Part of the goal at Mueller is to show people how natives can be used in a garden. “If we get these same prairie plants into yards, you’ve effectively extended the prairie and all its function across the urban landscape. It will no longer be like, ‘Here is nature, and here is something else: your yard.’” Simmons notes that unfortunately only about 50 of roughly 5,000 native vascular species in Texas can be purchased at commercial nurseries. This number, however, is increasing every year as interest grows.
Challenges of Urban Prairies
Restoring long-suffering prairie remnants and creating them from nothing are equally challenging. One of the biggest obstacles is keeping out invasive species like the Johnson grass and King Ranch bluestem that trouble Mueller. More than that, conventional landscape maintenance staff often lack proper training. Simmons says, “It’s a learning process. You can’t walk away from restoration. When local communities tend restored landscapes like this it not only benefits the land but also becomes an enriching experience for the people. ”
Appearance can be another obstacle. To the uneducated eye, a prairie may look neglected and unkempt. Chicago uses signage and fencing to deal with this issue. “We put them up throughout the process,” Yermakov says. “When we’re killing the turf grass, we’ll put up a sign that tells people why this grass is brown. If we put in a cover crop and mow it to bring more sunlight to native seed, we put up a sign explaining why we’re mowing. Any major action we take, we put up explanatory signs.” Signs are used to identify the habitat, what it is used for and its history. They also take into consideration planting methods as well as attributes of plants that have traditional aesthetic appeal. The district takes projects to local advisory councils as well, to communicate with the community and allow residents to comment. An active volunteer stewardship program recruits people from the community to be involved in restoration projects, creating a constituency.
Outlining prairie areas with fences makes them look intentional and helps counter the perception that someone just forgot to mow, Yermakov says. Shorter species may be used in certain areas, or a suite of species that provide color through the season to enhance aesthetics.
Prescribed burns in urban areas can be tricky. Burns at Jerry Smith Park, for example, have grown about as big as they can safely get, says Rizzo. Limits on burns effectively limit the size of urban prairies.
Another issue is public perception of desirable versus undesirable wildlife. At Mueller, people worry about rats, Simmons says. “But, while trash attracts nasty invasive rats, those in the prairie are harmless cotton rats.” People worry about snakes as well, but Woodbury argues that snakes increase wildlife diversity in a prairie. Some years ago in Illinois, one landowner sued another over a native landscape, in part over fear of snakes coming into his yard from the native landscape.

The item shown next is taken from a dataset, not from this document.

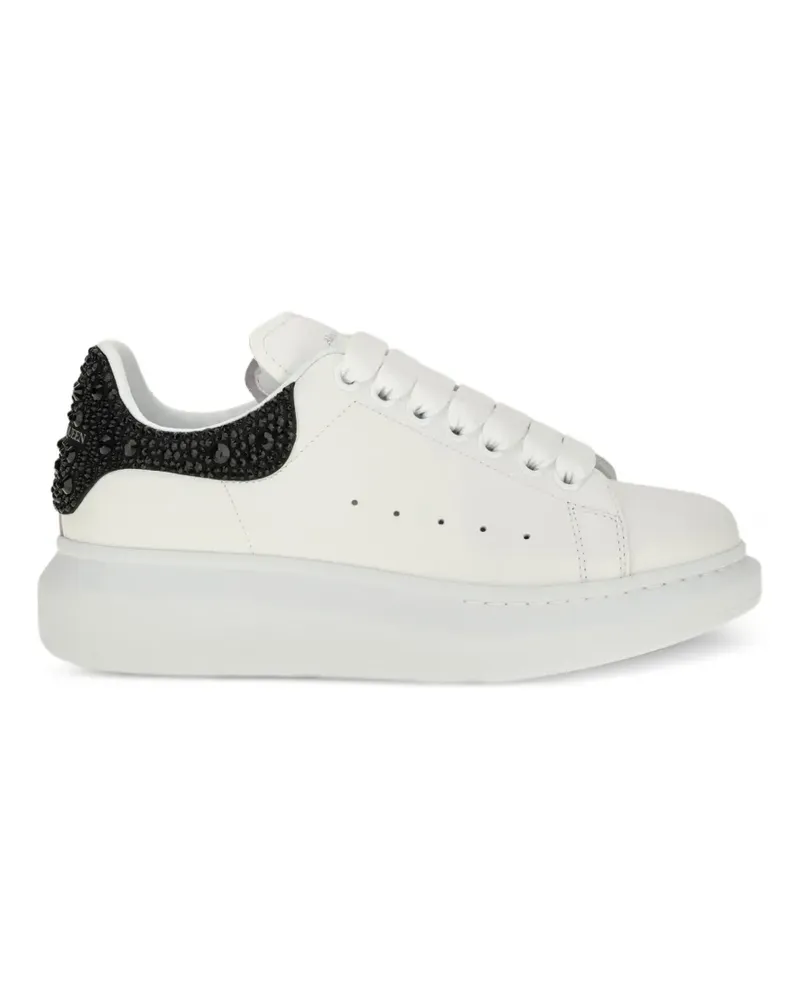 Alexander McQueen Oversized-Sneakers in Weiß und Schwarz Weiß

“That wouldn’t really happen,” Woodbury says. “Snakes don’t want to go into a mowed grass yard. In the end, though, the judge said that this state once was tallgrass prairie, and that is an appropriate landscape even in a residential neighborhood, if done correctly.”
Urban sites such as Mueller are opportunities to show prairie done correctly. “We’re not just restoring prairie but showing its value,” says Simmons. “It’s a good field to be in.” No pun intended.